Quante volte, soprattutto le sere d’estate, alziamo gli occhi al cielo verso il manto stellato, ammirando quelle bellissime luci nel cielo e, inconsciamente o no, cerchiamo quel qualcosa che ci faccia venire un brivido lungo la schiena, quella sensazione ancestrale proveniente da una delle tante domande che ci poniamo da secoli: “Siamo soli nell’universo?”.

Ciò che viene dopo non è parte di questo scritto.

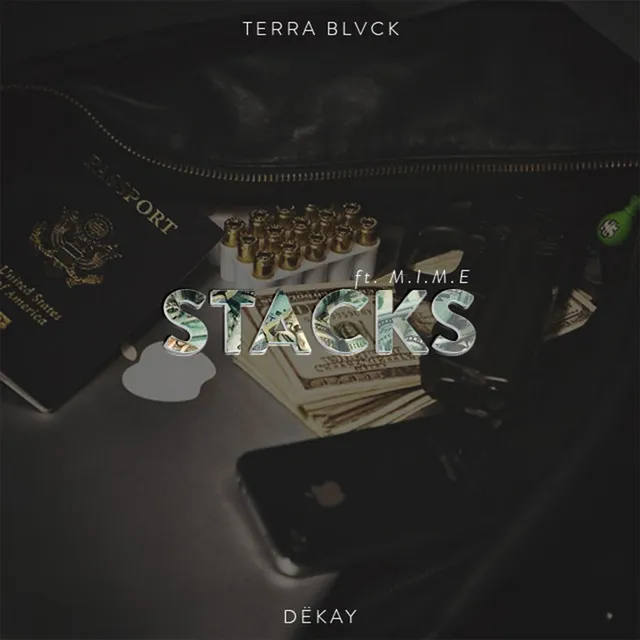 Stacks (feat. M.I.M.E)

Era il 24 giugno 1947 quando Kenneth R. Arnold, un aviatore statunitense, dichiarò di aver visto nove dischi lucenti dal volo irregolare presso i cieli del monte Rainier, a circa 100 km dalla città di Seattle, mentre svolgeva un’attività di ricerca militare di un velivolo andato disperso. Fu il primo avvistamento dell’era moderna a cui si attribuisce la nascita dell’ufologia, disciplina che studia e cerca di spiegare (scientificamente) l’origine e la consistenza delle anomalie osservate nei cieli. Successivo all’avvistamento di Arnold, susseguirono altre centinaia di segnalazioni in tutti gli Stati Uniti. Più i media ne parlavano e più questi avvistamenti aumentavano, arrivando anche ad essere segnalati oltre Oceano fino a raggiungere l’estremo Oriente. Dagli anni 50 agli anni 70 il mondo intero ha puntato gli occhi al cielo alla ricerca dei “dischi volanti”. Il termine UFO acronimo di Unidentified Flying Object (oggetto volante non identificato) era sulla bocca di tutti.
Da UFO a UAP
Anche se UFO etichetta qualunque oggetto individuabile che avesse forme, colori o movimenti “anomali”, venne collettivamente associato a navicelle extraterrestri. Tra il 1947 e il 1969 l’USAF (Aereonautica militare statunitense) perseguì alcuni studi sistematici del fenomeno, raggruppati in quello che venne denominato Project Blue Book nato soprattutto per capire se questi eventi fossero una minaccia per gli Stati Uniti d’America, aveva anche lo scopo di delineare scientificamente la natura degli avvistamenti. Il 17 dicembre 1969 il progetto venne concluso con 12618 casi, di cui il 5% (701) vennero archiviati come “non identificati”.Fu solo uno dei tanti studi del fenomeno che ancora oggi trova spazio in molti centri di ricerca di tutto il mondo, i quali si dedicano a dare una spiegazione scientifica a queste “luci nel cielo”. Negli studi odierni gli avvistamenti sono classificati con la terminologia Unidentified Aerial Phenoma (UAP), per non fare confusione con l’acronimo UFO che nella cultura pop rimanda irrimediabilmente a velivoli alieni, ma soprattutto per dare un’accezione scientifica a questi fenomeni che, il più delle volte, sono attribuibili a fenomeni meccanici, fisici e/o chimici. Vengono suddivisi in cinque categorie distinte: disordini aerei, fenomeni atmosferici, tecnologia industriale (come palloni meteo), tecnologie straniere e/o nemiche, other (altro). Molto spesso la scomparsa di un velivolo o un’incidente aereo avvenuto senza una spiegazione fisica o meccanica può suggestionare e far pensare al più facile caso di attacco UFO, essendo questo un mito comune della cultura popolare fantascientifica che risale al film del 1951 “Ultimatum alla Terra” e poi ripreso da molte altre pellicole dello stesso genere, dove gli ostili extraterrestri sono in possesso di una sorta di arma che attraverso una corrente elettromagnetica ha il potere di “bloccare” qualsiasi apparecchio elettronico. In realtà, il nostro pianeta è bombardato da radiazioni di ogni tipo, qualcuna proveniente dal pianeta stesso e i suoi elementi, altri provenienti dal cosmo, in primis il nostro Sole. E’ quindi facile, seppur molte volte tragico, che queste radiazioni mandino in tilt radar, satelliti o ricevitori. Se radiazioni o elementi radioattivi sono responsabili di incidenti, anche le nostre stesse tecnologie vengono classificate come UAP che provocano avvistamenti e incidenti.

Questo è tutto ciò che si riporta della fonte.